# How to Create a Bullet Graph in Excel

This tutorial will demonstrate how to create a bullet graph in all versions of Excel: 2007, 2010, 2013, 2016, and 2019.

Developed by data visualization expert Steven Few, the bullet graph is a modified column or bar chart used for tracking performance against a goal.

Conventionally, the graph contains five main elements: (1) a text label describing the graph, (2) a quantitative scale for evaluating the actual value, (3) three to five qualitative scale ranges, (4) a data marker that displays the target value, and (5) a data marker representing the actual value.

The graph was designed as a superior substitute to meter and gauge charts, especially when it comes to illustrating large amounts of data; it displays more information with less footprint, preserving precious dashboard space.

Depending on the task at hand, a bullet graph can be either horizontal or vertical. However, here’s the rub:

Unless you use our Chart Creator Add-in that allows you to build bullet graphs—as well as other advanced Excel charts—in just a few clicks, you will have to build the graph yourself because it is not supported in Excel.

In this step-by-step tutorial, you will learn how to create this vertical bullet graph in Excel from scratch, as introduced in Steven Few’s Bullet Graph Design Specifications:

## Getting Started

For illustration purposes, let’s assume you run a huge network of digital properties and set out to analyze the ad revenue generated in five states across the US:

Since the table elements are pretty self-explanatory, let’s dive right in without beating around the bush.

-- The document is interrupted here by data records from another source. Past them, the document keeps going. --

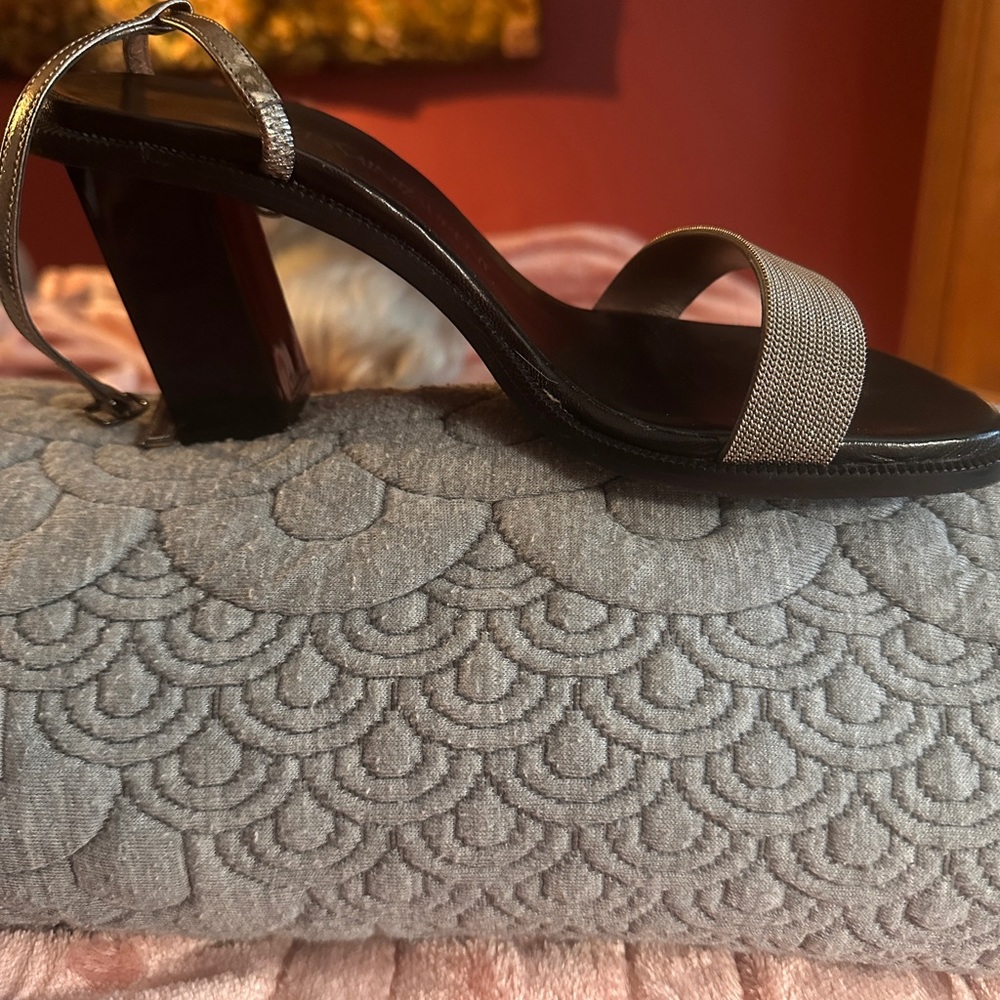 YSL Silver Chain Strappy Sandals 6.5 | Yves Saint Laurent Metallic Heels - Picture 2 of 11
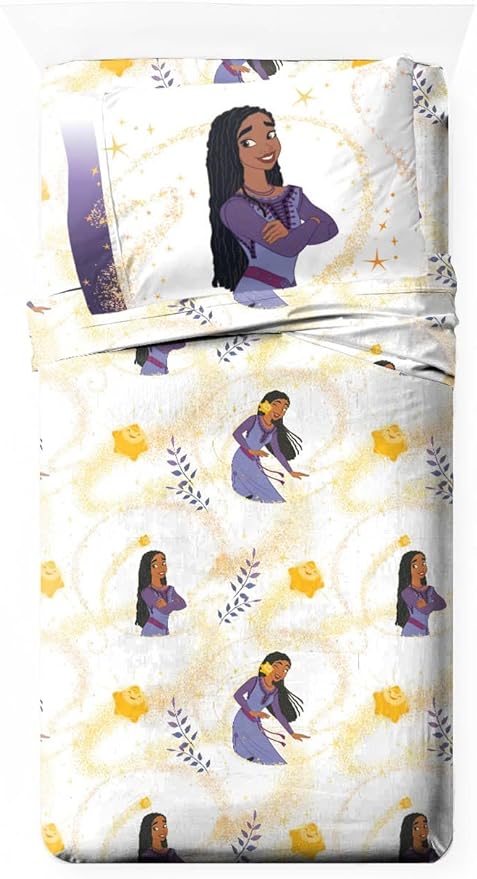 Jay Franco Kids Sheet Set with Fitted, Flat Sheets & Pillow Cover - Ultra-Soft Bedding with Pillowcase for Room Decor, White - Wish, 3 Piece Twin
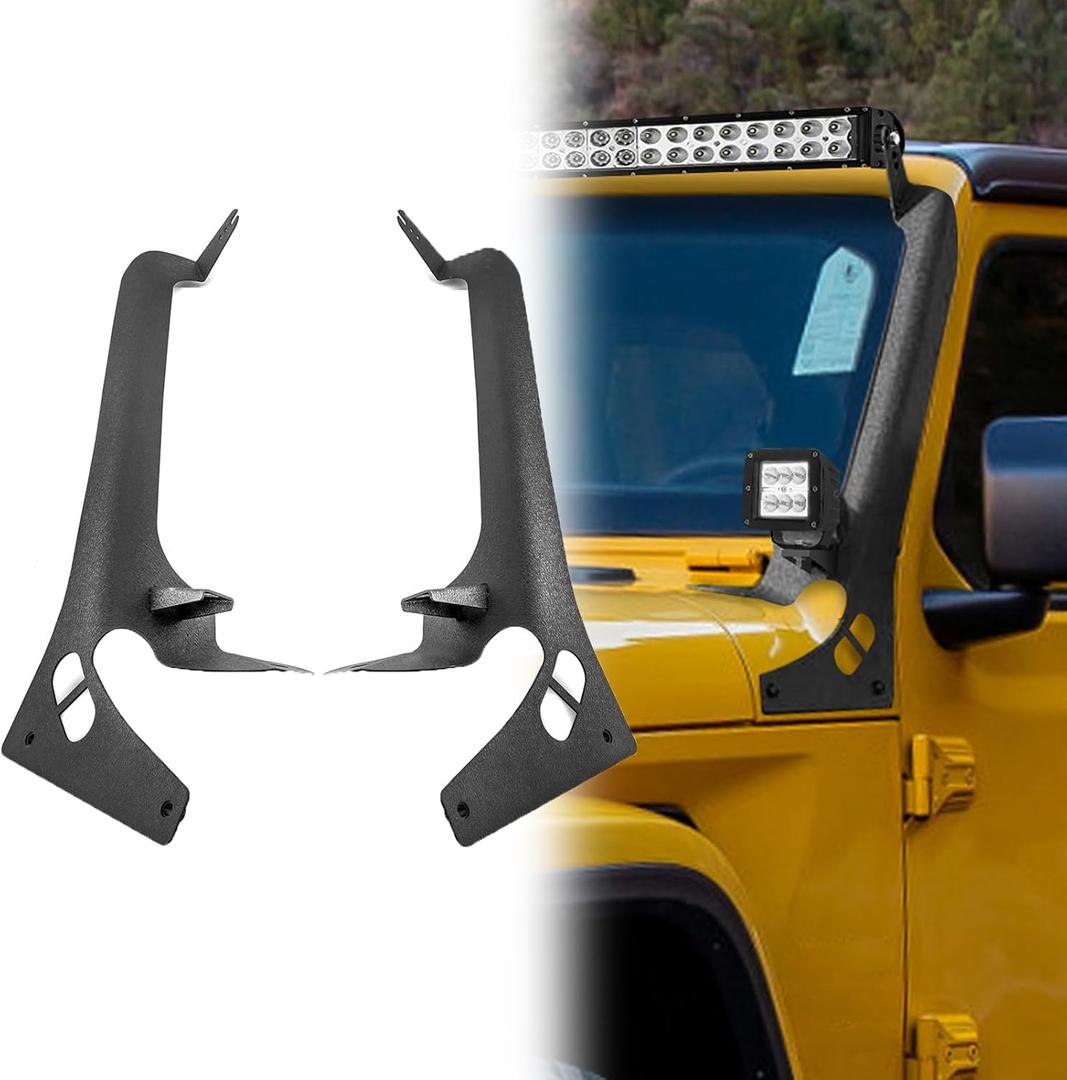 WeiSen 50" LED Straight Light Bar Brackets Windshield Roof A-Pillar Light Mounts Compatible with Jeep Wrangler JL/JLU Gladiator JT 2018-2023(Does not Fit Jeep Gladiator Mojave Model)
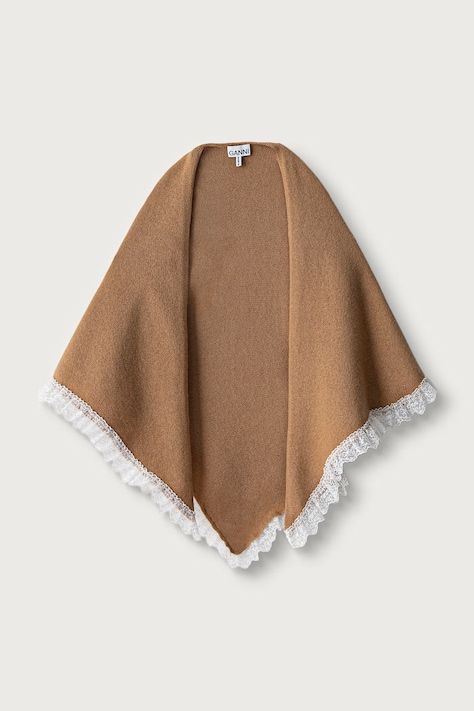 GANNI Triangular Scarf szalik damski z wełną brązowy B3020273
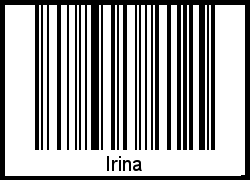 Der Voname Irina als Barcode und QR-Code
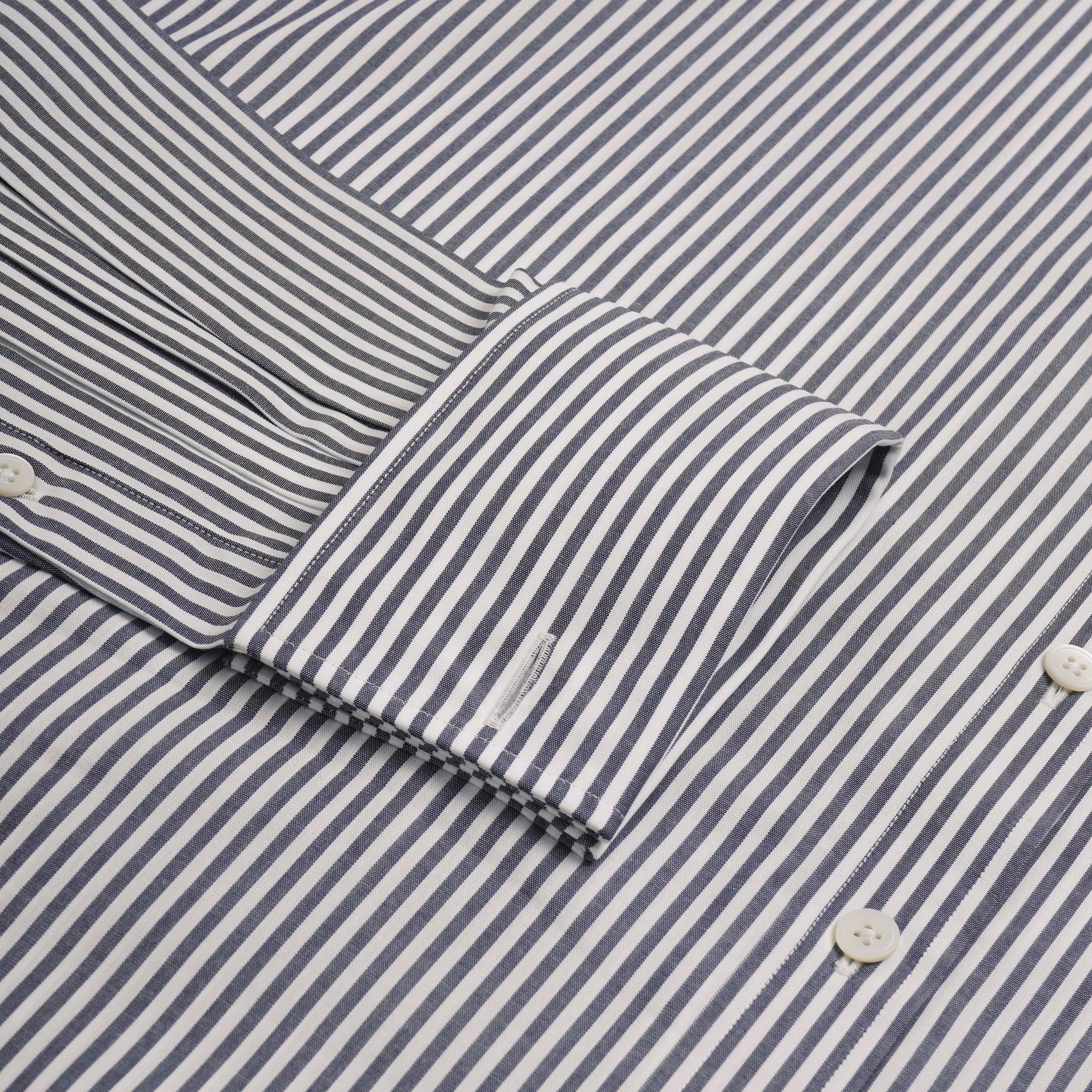 Charcoal Grey & White Classic Fit Double Cuff Panama Stripe Formal Shirt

## Step #1: Plot a stacked column chart.

• Highlight the entire table containing your actual data, including the header row (A1:F6).
• Go to the Insert tab.
• Click the “Insert Column or Bar Chart” icon.
• Choose “Stacked Column.”

## Step #2: Change the axis labels.

Occasionally, Excel can misplace the text labels. We want the states to show on the horizontal axis labels and the ratings to show in the legend labels. To fix that, just follow a few simple steps:

• Select the chart plot.
• Navigate to the Design tab.
• Click on the “Switch Row/Column” button.

## Step #3: Create a combo chart and push Series “Target” and Series “Actual” to the secondary axis.

Some additional tweaking will be needed to get all the graph elements in the right place.

First, right-click on any of the data markers representing Series “Target” (F2:F6) and choose “Change Series Chart Type.

Once there, do the following:

• Move Series “Actual” (E2:E6) to the secondary axis by checking the “Secondary Axis” box.
• For Series “Target,” change “Chart Type” to “Stacked Line with Markers” and push it to the secondary axis as well.

## Step #4: Delete the secondary axis.

Get rid of the secondary axis as you no longer need it. Right-click on the secondary axis (the numbers along the right side of the chart) and choose “Delete” to remove it.

## Step #5: Create the markers for Series “Target.”

It’s time to set up the horizontal bars that will represent the target values. Right-click on any of the data markers symbolizing Series “Target” and choose “Format Data Series.”

From there, in the task pane that pops up, remove the lines connecting the markers:

• Click the “Fill & Line” icon.
• In the Line tab, select “No Line.”

Without closing the task pane, do the following to design the horizontal bars:

1. Switch over to the Marker tab.
2. Under Marker Options:
1. Select “Built-in.
2. From the Type drop-down list, choose “Dash.
3. Set the marker size to “20.”
3. Under Fill:
1. Select “Solid fill.
2. Click the “Fill Color” icon to open the color palette and set the color to red.
3. Scroll down to the Border section and set the border to “Solid Line” and the color to red as well.

## Step #6: Adjust the gap width for the “Actual” columns.

By convention, the “Target” bars should be slightly wider than the “Actual” columns.

Right-click on any of the columns representing Series “Actual” and choose “Format Data Series.”

Now, slim the columns down:

• Switch to the Series Options tab.
• Adjust the Gap Width value based on your actual data (the higher the value, the narrower the columns). In this case, I recommend 300%.

## Step #7: Recolor the “Actual” columns black.

Jump to the Fill & Line tab and, under Fill, select “Solid fill” and change the color of the columns to black.

## Step #8: Color the quantitative scale.

Next, color the quantitative scale to differentiate the qualitative ranges—it may be something as simple as traffic light colors.

However, Steven Few emphasized that using distinct hues would make it difficult for the colorblind (roughly 4.5% of the population) to interpret the nuances of the graph, meaning you’d be better off using different shades of a single color instead, going from dark to light.

While in the Format Data Series task pane, select each section of the quantitative scale and recolor accordingly (Series Options > Fill > Solid Fill > Color).

## Step #9: Adjust the gap width between the chart columns.

If the columns look too skinny, you might want to increase the gap width between them to improve readability. To do that, repeat the process outlined in Step #6 (Format Data Series > Series Options > Gap Width).